■ WHAT THIS TASK INVOLVES ■
Please repeat exactly the lines below from the one containing "Jemima review photo" down to the one containing "Vanzare Teren agricol - imagine 2", both included, and nothing else.

[Items from a dataset]
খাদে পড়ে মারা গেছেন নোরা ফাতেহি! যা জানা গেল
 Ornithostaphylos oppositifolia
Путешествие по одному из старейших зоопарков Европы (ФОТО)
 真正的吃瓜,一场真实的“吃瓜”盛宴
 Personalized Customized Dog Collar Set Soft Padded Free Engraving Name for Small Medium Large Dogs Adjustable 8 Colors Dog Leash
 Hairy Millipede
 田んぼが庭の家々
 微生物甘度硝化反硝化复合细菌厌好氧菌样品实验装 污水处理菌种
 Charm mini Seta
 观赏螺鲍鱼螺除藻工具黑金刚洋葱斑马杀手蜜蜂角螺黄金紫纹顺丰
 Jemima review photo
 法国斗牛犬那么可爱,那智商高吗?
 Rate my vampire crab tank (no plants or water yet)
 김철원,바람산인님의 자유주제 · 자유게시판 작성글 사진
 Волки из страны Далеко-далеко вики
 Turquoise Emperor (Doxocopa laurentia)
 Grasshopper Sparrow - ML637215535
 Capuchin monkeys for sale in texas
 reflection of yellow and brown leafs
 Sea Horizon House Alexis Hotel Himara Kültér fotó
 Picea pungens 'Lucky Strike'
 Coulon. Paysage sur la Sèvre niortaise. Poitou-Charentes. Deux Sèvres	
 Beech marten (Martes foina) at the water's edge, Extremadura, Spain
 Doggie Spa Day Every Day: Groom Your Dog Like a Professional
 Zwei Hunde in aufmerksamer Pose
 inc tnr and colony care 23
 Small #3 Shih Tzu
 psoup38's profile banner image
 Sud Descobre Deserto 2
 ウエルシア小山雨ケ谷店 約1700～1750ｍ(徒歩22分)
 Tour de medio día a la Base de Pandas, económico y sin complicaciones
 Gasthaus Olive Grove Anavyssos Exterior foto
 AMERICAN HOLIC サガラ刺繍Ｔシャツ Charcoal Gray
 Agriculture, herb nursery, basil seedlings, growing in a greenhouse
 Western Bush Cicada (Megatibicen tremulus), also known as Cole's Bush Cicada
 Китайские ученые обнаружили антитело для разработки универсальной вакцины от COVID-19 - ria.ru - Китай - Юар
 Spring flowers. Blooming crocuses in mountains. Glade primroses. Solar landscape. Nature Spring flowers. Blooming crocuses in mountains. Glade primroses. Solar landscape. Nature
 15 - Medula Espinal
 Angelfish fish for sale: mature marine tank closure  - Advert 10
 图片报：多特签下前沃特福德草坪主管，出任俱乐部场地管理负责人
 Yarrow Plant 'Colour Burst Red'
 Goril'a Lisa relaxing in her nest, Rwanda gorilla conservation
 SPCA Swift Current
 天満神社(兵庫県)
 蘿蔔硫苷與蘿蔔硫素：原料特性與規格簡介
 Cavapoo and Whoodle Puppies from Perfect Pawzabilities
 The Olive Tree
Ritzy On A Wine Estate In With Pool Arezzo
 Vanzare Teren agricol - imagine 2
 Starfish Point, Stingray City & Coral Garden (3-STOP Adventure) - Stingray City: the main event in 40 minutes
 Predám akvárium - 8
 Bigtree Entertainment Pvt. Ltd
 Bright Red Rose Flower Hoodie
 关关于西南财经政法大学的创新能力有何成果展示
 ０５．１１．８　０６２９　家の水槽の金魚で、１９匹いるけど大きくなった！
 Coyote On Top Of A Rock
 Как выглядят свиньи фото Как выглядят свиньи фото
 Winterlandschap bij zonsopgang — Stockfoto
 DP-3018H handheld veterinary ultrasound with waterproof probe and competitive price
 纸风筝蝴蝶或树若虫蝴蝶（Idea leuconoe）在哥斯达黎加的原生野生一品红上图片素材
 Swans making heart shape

■ THE ANSWER ■
 Jemima review photo
 法国斗牛犬那么可爱,那智商高吗?
 Rate my vampire crab tank (no plants or water yet)
 김철원,바람산인님의 자유주제 · 자유게시판 작성글 사진
 Волки из страны Далеко-далеко вики
 Turquoise Emperor (Doxocopa laurentia)
 Grasshopper Sparrow - ML637215535
 Capuchin monkeys for sale in texas
 reflection of yellow and brown leafs
 Sea Horizon House Alexis Hotel Himara Kültér fotó
 Picea pungens 'Lucky Strike'
 Coulon. Paysage sur la Sèvre niortaise. Poitou-Charentes. Deux Sèvres	
 Beech marten (Martes foina) at the water's edge, Extremadura, Spain
 Doggie Spa Day Every Day: Groom Your Dog Like a Professional
 Zwei Hunde in aufmerksamer Pose
 inc tnr and colony care 23
 Small #3 Shih Tzu
 psoup38's profile banner image
 Sud Descobre Deserto 2
 ウエルシア小山雨ケ谷店 約1700～1750ｍ(徒歩22分)
 Tour de medio día a la Base de Pandas, económico y sin complicaciones
 Gasthaus Olive Grove Anavyssos Exterior foto
 AMERICAN HOLIC サガラ刺繍Ｔシャツ Charcoal Gray
 Agriculture, herb nursery, basil seedlings, growing in a greenhouse
 Western Bush Cicada (Megatibicen tremulus), also known as Cole's Bush Cicada
 Китайские ученые обнаружили антитело для разработки универсальной вакцины от COVID-19 - ria.ru - Китай - Юар
 Spring flowers. Blooming crocuses in mountains. Glade primroses. Solar landscape. Nature Spring flowers. Blooming crocuses in mountains. Glade primroses. Solar landscape. Nature
 15 - Medula Espinal
 Angelfish fish for sale: mature marine tank closure  - Advert 10
 图片报：多特签下前沃特福德草坪主管，出任俱乐部场地管理负责人
 Yarrow Plant 'Colour Burst Red'
 Goril'a Lisa relaxing in her nest, Rwanda gorilla conservation
 SPCA Swift Current
 天満神社(兵庫県)
 蘿蔔硫苷與蘿蔔硫素：原料特性與規格簡介
 Cavapoo and Whoodle Puppies from Perfect Pawzabilities
 The Olive Tree
Ritzy On A Wine Estate In With Pool Arezzo
 Vanzare Teren agricol - imagine 2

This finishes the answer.